3.       Overgeneralisation: One single incident or piece of evidence is the foundation for a general conclusion, and so if something bad happens once, it can be expected to happen again and again. If a person has let you down once, they can never be trusted again. 
4.       Mind Reading: Mind readers think that their assumptions about others and what they are thinking are true. They know why people do what they do, and what they are thinking and feeling – especially in relation to themselves. 
5.       Catastrophizing: Disaster is always round the corner, and you expect it. As soon as there is suggestion of a problem, you start with “what-if’s”, assuming that the worst case scenario is on the way. 
6.       Personalisation: You have a tendency to relate everything around you to yourself, and think that everything others say and do is a reaction to you. These people characteristically compare themselves to others. 
7.       Control Fallacy: This usually manifests in one of two ways. You may feel as though the locus of control for your life is outside, and you are a victim of fate. Everything is beyond your control and you can’t influence important outcomes. The other common manifestation of this style of thinking is that you feel excessively responsible, as though everything depends on you. You are responsible for the pain or happiness of those around you. 
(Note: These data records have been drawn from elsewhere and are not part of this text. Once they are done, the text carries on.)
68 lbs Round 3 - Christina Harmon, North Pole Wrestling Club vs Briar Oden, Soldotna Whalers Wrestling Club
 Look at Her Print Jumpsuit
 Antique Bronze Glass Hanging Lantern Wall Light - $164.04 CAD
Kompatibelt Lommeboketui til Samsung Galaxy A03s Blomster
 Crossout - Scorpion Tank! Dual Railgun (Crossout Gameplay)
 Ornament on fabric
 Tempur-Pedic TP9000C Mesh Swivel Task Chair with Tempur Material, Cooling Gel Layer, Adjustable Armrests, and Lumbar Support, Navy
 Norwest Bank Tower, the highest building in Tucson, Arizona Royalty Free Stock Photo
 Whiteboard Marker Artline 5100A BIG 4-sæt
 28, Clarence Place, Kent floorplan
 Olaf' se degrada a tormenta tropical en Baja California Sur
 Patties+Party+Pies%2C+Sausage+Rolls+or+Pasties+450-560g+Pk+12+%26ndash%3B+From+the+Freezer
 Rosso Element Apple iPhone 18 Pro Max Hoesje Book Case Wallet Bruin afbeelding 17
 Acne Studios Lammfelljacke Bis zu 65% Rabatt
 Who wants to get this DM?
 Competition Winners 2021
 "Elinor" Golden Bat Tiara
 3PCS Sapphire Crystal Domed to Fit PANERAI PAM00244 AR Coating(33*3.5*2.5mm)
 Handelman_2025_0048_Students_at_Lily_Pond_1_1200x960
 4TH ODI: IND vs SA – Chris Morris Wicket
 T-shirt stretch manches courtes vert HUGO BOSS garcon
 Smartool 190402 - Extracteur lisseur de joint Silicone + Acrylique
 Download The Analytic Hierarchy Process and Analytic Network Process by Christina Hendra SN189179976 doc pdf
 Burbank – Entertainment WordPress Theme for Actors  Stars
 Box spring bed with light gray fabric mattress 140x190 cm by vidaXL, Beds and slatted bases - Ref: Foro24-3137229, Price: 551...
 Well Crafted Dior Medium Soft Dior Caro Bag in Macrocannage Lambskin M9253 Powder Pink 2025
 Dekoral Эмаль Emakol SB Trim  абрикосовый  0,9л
8.       Fallacy of Fairness: Fairness and justice are big standards for you, and you think everything should be fair – even though the evidence shows life often isn’t. You feel resentful that you know what is fair, but people won’t believe you. 
9.       Emotional Reasoning: You believe that your feelings are the truth. If you feel stupid, you are stupid. 
10.   Fallacy of Change: Your hopes for happiness depend on others, and so you need to change them to suit your needs. You talk about how people should change, and you give a lot of advice. You expect people will change to suit you if you pressure or cajole them enough. 
11.   Global labelling: You generalise a small number of qualities into a global judgement, for example if you have a negative experience with one person from a company, the rest of the employees are branded accordingly. 
12.   Blaming: Other people are held responsible for your pain, or you are responsible for the pain of others. If a problem occurs then someone must be at fault. Blame is how you respond to difficult situations. 
13.   Shoulds: You have a set of rules about how people “should” act and how things “should” be, that no one could realistically live up to. If you break your own rules you feel guilty, if others break them you become angry with them. 
14.   Being Right: To be wrong is unthinkable, and so you are always out to prove that you are right – and you will go to great lengths to do so. You are defensive and will hang on to your opinions and try to justify your actions. 
15.   Heaven’s Reward Fallacy: You work hard and deny yourself rewards in the hope that some kind of reward will come later. You make sacrifices, and consequently if the expected reward doesn’t come you become upset.